Message passing
Interprocess communication (IPC) basically requires information sharing among two or more processes. Two basic methods for information sharing are as follows:
original sharing, or shared-data approach;
copy sharing, or message-passing approach.
Two basic interprocess communication paradigms: the shared data approach and message passing approach.
A message-passing system is a subsystem of distributed operating system that provides a set of message-based IPC protocols, and does so by shielding the details of complex network protocols and multiple heterogeneous platforms from programmers. It enables processes to communicate by exchanging messages and allows programs to be written by using simple communication primitives, such as send and receive.
Desirable Features of a Good Message-Passing System
Simplicity
Uniform semantics
Efficiency
Correctness
Correctness is a feature related to IPC protocols for group communication. Issues related to correctness are as follows:
atomicity;
ordered delivery;
survivability.
Other features:
reliability;
flexibility;
security;
portability.
Issues in IPC by Message Passing
A typical message structure
Synchronization
The semantics used for synchronization may by broadly classified as blocking and nonblocking types. A primitive is said to have nonblocking semantics if its invocation does not block the execution of its invoker (the control returns almost immediately to the invoker); otherwise a primitive is said to be of the blocking type.
A variant of the nonblocking receive primitive is the conditional receive primitive, which also returns control to the invoking process almost immediately, either with a message or with an indicator that no message is available.
When both the send and receive primitives of a communication between two processes use blocking semantics, the communication is said to be synchronous, otherwise it is asynchronous. The main drawback of synchronous communication is that it limits concurrency and is subject to communication deadlocks.
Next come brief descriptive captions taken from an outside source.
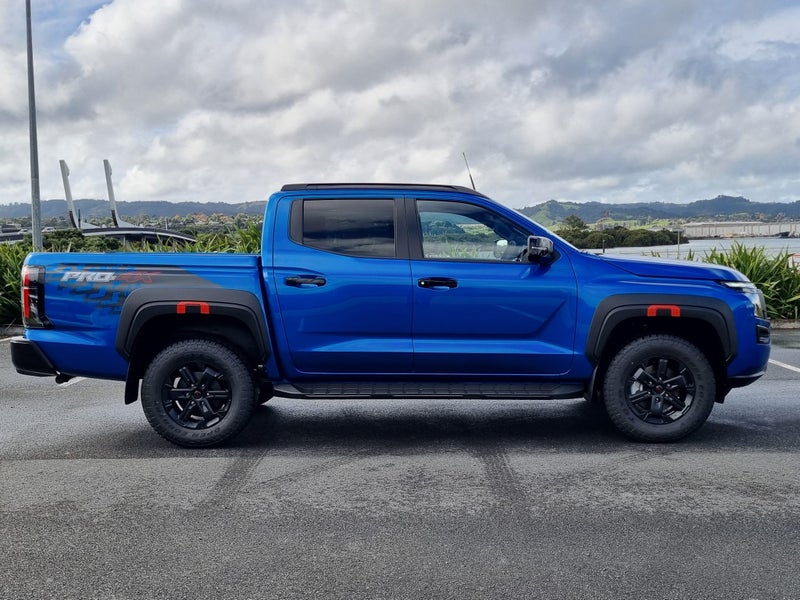 2026 Nissan Navara Pro4x 2.4D/4WD/6 Speed Auto image 4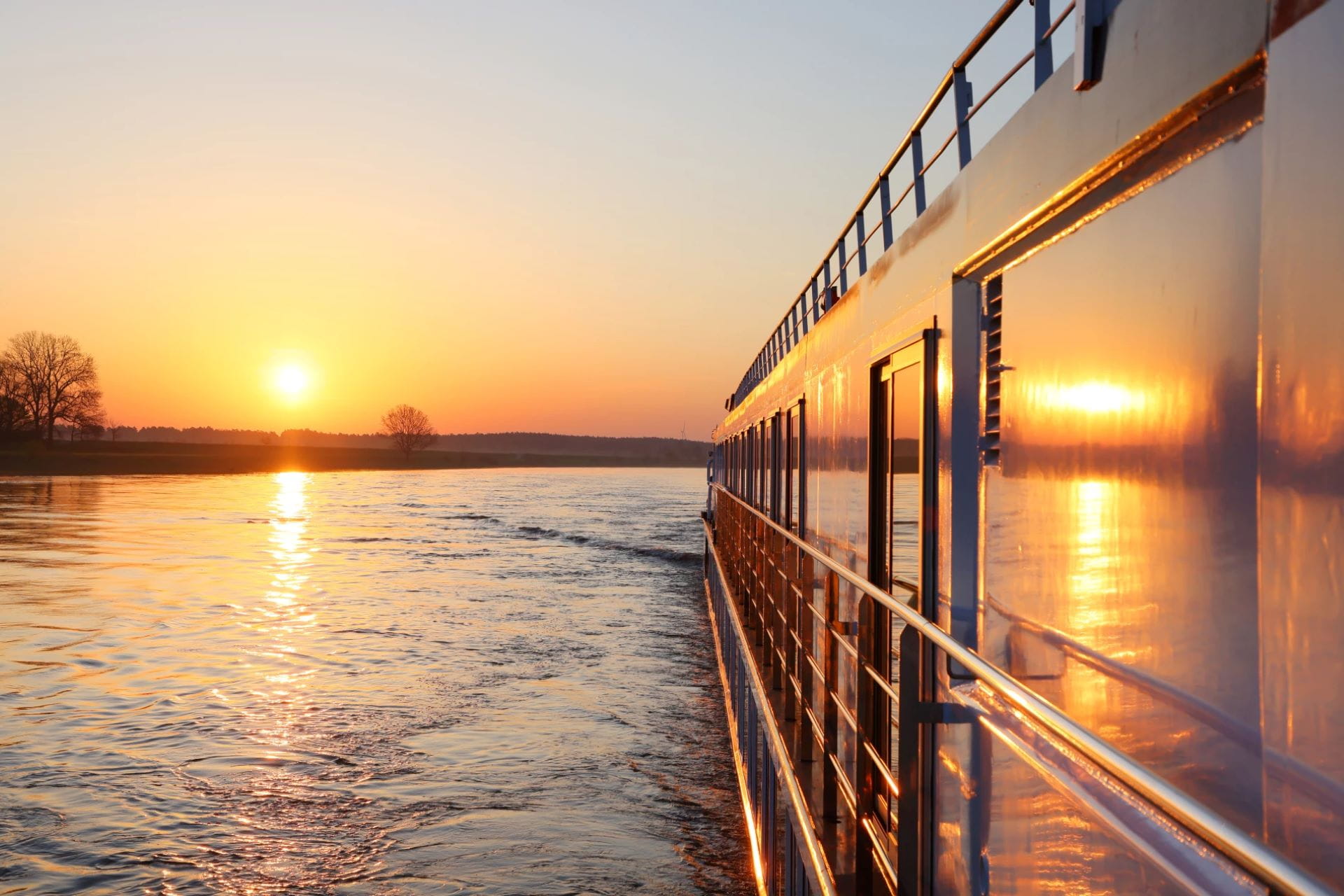Excellence Flussreisen Sonnenuntergang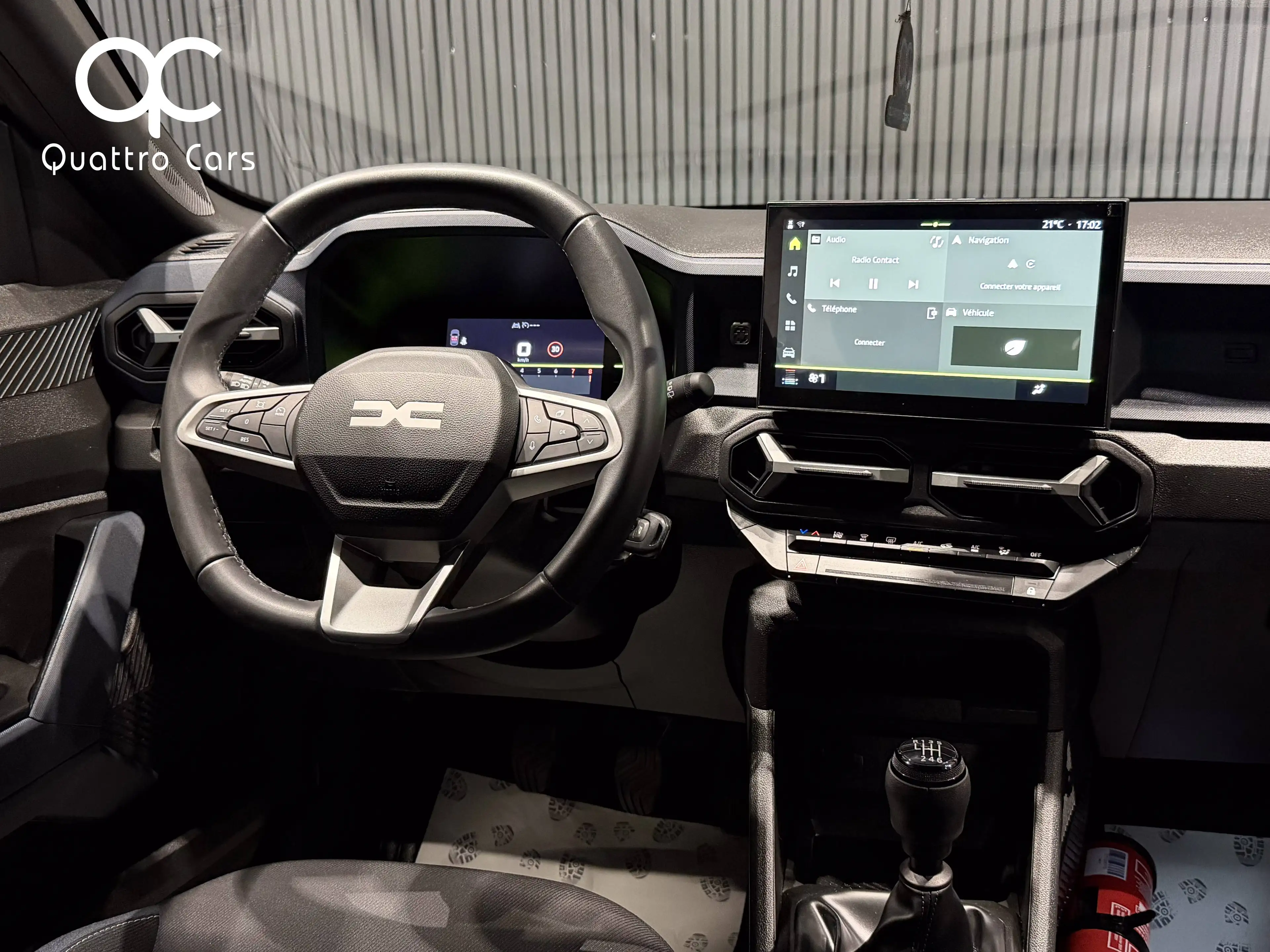 Dacia Duster 1.2 MILD HYBRID * CAR PLAY * CAMERA * LED * 1ERE MAIN — photo 9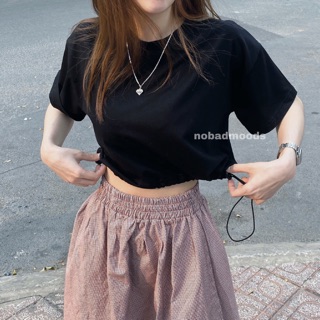 Chân váy kẻ + croptop giây rút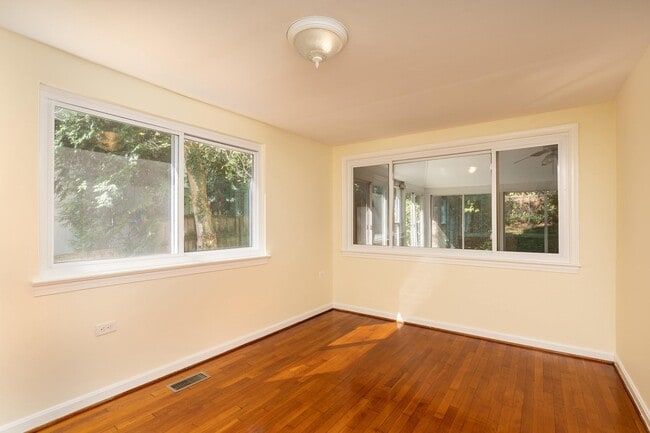 Building Photo - 6221 Walhonding Rd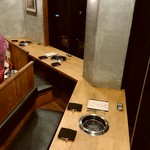 YAKINIKU A FIVE 徳 - 夜景の見えるカウンター席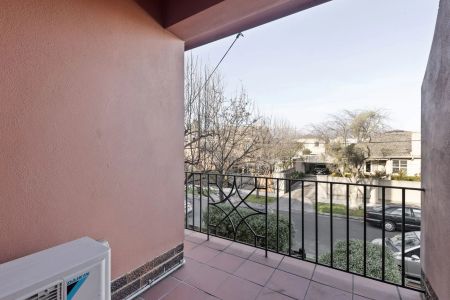 Gorgeous Family Living! - Photo 2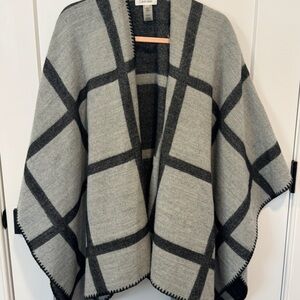 Calvin Klein Black and Gray Patterned Wrap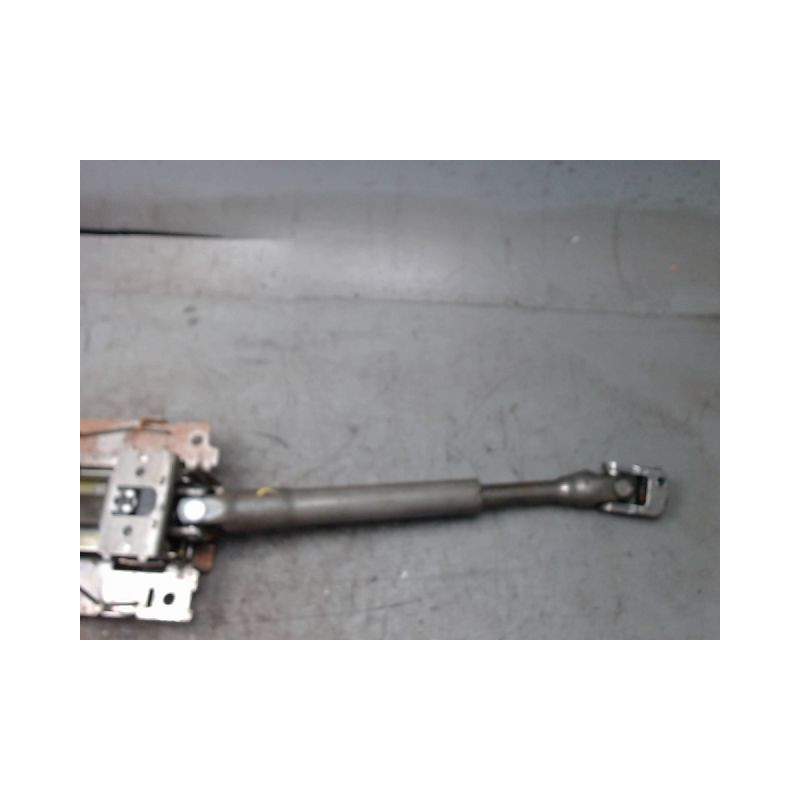 COLONNE DE DIRECTION NON ASSISTEE VOLKSWAGEN TOURAN 2 1.6 TDI - 16V TURBO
Synchronous mode of communication with both send and receive primitives having blocking-type semantics
Buffering
Null Buffer (No Buffering)
The three types of buffering strategies used in interprocess communication
Single-Message Buffer
Unbounded-Capacity Buffer
Finite-Bound Buffer
When the buffer has finite bounds, a strategy is also needed for handling the problem of a possible buffer overflow. The buffer overflow problem can be dealt with in one of the following two ways:
Unsuccessful communication. In this method, message transfers simply fail, whenever there is no more buffer space and an error is returned.
Flow-controlled communication. The second method is to use flow control, which means that the sender is blocked until the receiver accepts some messages, thus creating space in the buffer for new messages.
Multidatagram Messages
Almost all networks have an upper bound of data that can be transmitted at a time. This size is known as maximum transfer unit (MTU). A message whose size is greater than MTU has to be fragmented into multiples of the MTU, and then each fragment has to be sent separately. Each packet is known as a datagram. Messages larger than the MTU are sent in miltipackets, and are known as multidatagram messages.
Encoding and Decoding of Messages
A message data should be meaningful to the receiving process. This implies that, ideally, the structure of program objects should be preserved while they are being transmitted from the address space of the sending process to the address space of the receiving process.
Process Addressing
Explicit addressing. The process with which communication is desired is explicitly named as a parameter in the communication primitive used.
Implicit addressing. The process willing to communicate does not explicitly name a process for communication (the sender names a server instead of a process). This type of process addressing is also known as functional addressing.
Methods to Identify a Process (naming)
A simple method to identify a process is by a combination of machine_id and local_id. The local_id part is a process identifier, or a port identifier of a receiving process, or something else that can by used to uniquely identify a process on a machine.
To overcome the limitation of the above method, process can be identified by a combination of the following three fields: machine_id, local_id and machine_id.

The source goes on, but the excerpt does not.